I trained an H=2 network with an L2 penalty and still see 3-4 fixed points. Penalty was 0.01.

This is almost even more unexpected to me: By penalizing the L2 norm on Z, it seems to only compress the Q readout (i.e., even more than before), but not the Z activity. Which makes me think that the extra fixed points are somehow important. Or at least, really encouraged.

mobeets commented 1 year ago

Here's one line of thought: Let A be a rewarded 'a=1' choice, b be an unrewarded 'a=0' choice, etc. Then the inputs to the RNN are:

Then we want A/b to have the same fixed points; but their inputs are exactly opposite. We also want B/a to have the same fixed points; and again their inputs are exactly opposite. If the inputs were shared, we could, say, have the fixed point determined by that shared input. But since they are totally unlinked, this might be harder?

This reminds me of something that came up with Nora's project: in the backward blocking task, you won't update the cue B representation when only cue A is shown. Similarly, when "A" is shown vs. when "b" is shown, the input representations are non-overlapping. So you won't update your representation for "b" when "A" is shown, and vice versa.

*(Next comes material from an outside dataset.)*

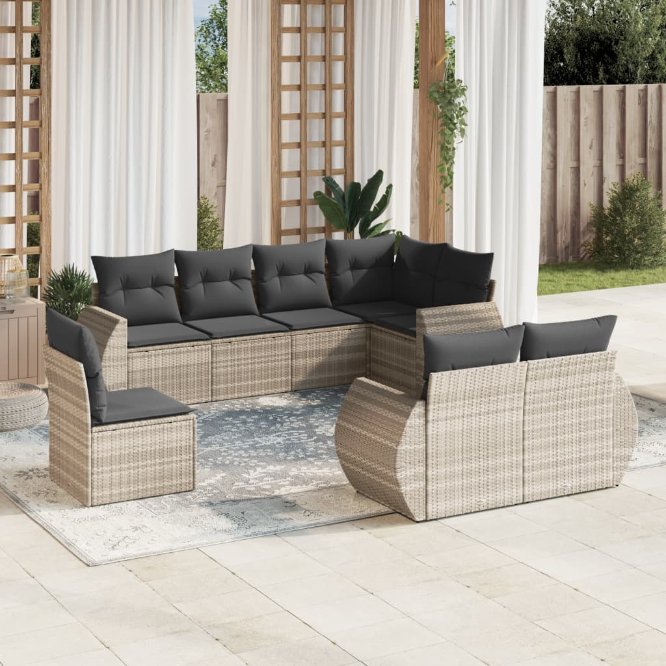 8-tlg. Garten-Sofagarnitur mit Kissen Schwarz Poly Rattan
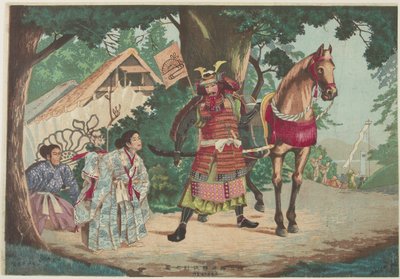 Salida del guerrero Kusunoki en la estación de Sakurai, c. 1880-1899 de Kobayashi Kiyochika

But the recurrent weights are what sets the fixed points. And these are shared regardless of the inputs.

mobeets commented 1 year ago

Here's another way of thinking about it: The model has two inputs: the previous reward and action. Let's suppose we have an "A" trial, so (r=1,a=1), and that we're at the A fixed point. Now, consider what happens if the input changes. If r changes, that's because the environment changed state. But we'd have the same action. So we'd get an "a" trial. (We'll assume p_rew_max=1.0 for simplicity.) Whereas if a changes, that's because our action changed (e.g., due to ε exploration). So that's a "b" trial.

The thing I'm wondering is, which of these happens more often during training might influence the decay rates of our fixed points. E.g., if we have more frequent A -> b transitions vs. A -> a transitions.

mobeets commented 1 year ago

FWIW, this task is simple enough that you can use a purely random behavior policy during training, and still get the same results. Below is an H=2 RNN where during training the actions were just randomly selected (recall that Q learning is off-policy). So here this tells us that the four fixed points are not a function of the behavioral policy during training.

mobeets commented 1 year ago

It could have to do with the statistics of inputs though. For example, transitioning from A->B seems like it must always be rarer than transitioning A->a or even A->b, basically no matter what?

mobeets commented 1 year ago

By the way, I think the takeaway here is that the RNN defaults to having a fixed point for each unique input, even if fewer fixed points would do.

But this differs from my approach in the belief paper, where I only ever looked at fixed points conditional on NO inputs.